La anotación sigue ahí, en mi bloc, junto a las demás. Todas aguardando su momento. Y lo tendrán, sólo es cuestión de tiempo.
11 comentarios:
La calle es un lugar fantástico para presenciar situaciones de la vida que nos agudiza la inspiración.
A veces nos sentamos a tomar un café en una terracita y delante nuestro pasa toda una vida.
Fantástico. No hay como ir con los sentidos bien abiertos para que no se escape esa visión, ese aroma, ese sonido o esa emoción puede dar vida a un relato.
Aunque las musas son escurridizas, a veces se esconden en el reverso de las cosas.
Un abrazo :)
A veces sólo hace falta sentarse en un banco y dejar la vida pasar para encontrar novelas. Londres... qué bien traído.
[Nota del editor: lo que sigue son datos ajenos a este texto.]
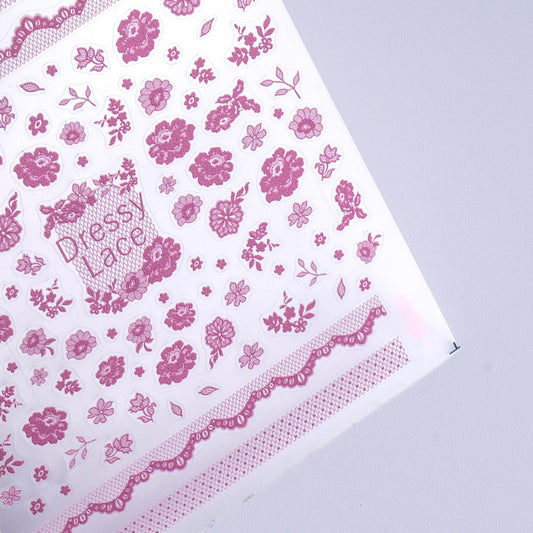 Antique Lace Nail Stickers (Pink)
Sí, el escritor es un observador lo que haga luego con lo que recoge, es cosa suya.
Me he estado dando una vuelta por tu blog y me ha gustado lo que he leído, ya pasaré por aquí.
Saludos
No hace falta escribir un relato. Ya lo hiciste.
M Carmen Guzmán
Sabes ver, y eso te enriqueze mucho la vida. Además sabes transmitirlo, y eso enriquece la de los que te leemos. Gracias.
Estoy segura de que en el momento menos pensado te surguirá la historia o historias; de todos modos como dice M Carmen Guzmán, lo que hiciste ya puede ser disfrutado como relato.
Gracias, me gusta compartir con vosotros ¡Da gusto!
Cuando te detienes, las cosas suceden.
me encanta detenerme en cualquier esquina y ver lo que sucede, imaginando historia, la mayoría quedan truncas como las tuyas, y no se si tendrán un final, pero disfruto de esos momentos, como en la terminales de autobuses viendo despedirse o recibirse gente... me quedo colgada como en tu relato. cariños sabatinos.
Estoy con lo dicho más arriba: para escribir algo primero hay que "saber observar". Por supuesto, se puede hacer de otras formas, pero, al menos según mi humilde opinión, ésta es "la forma". Y este ejemplo de ello, más que instructivo.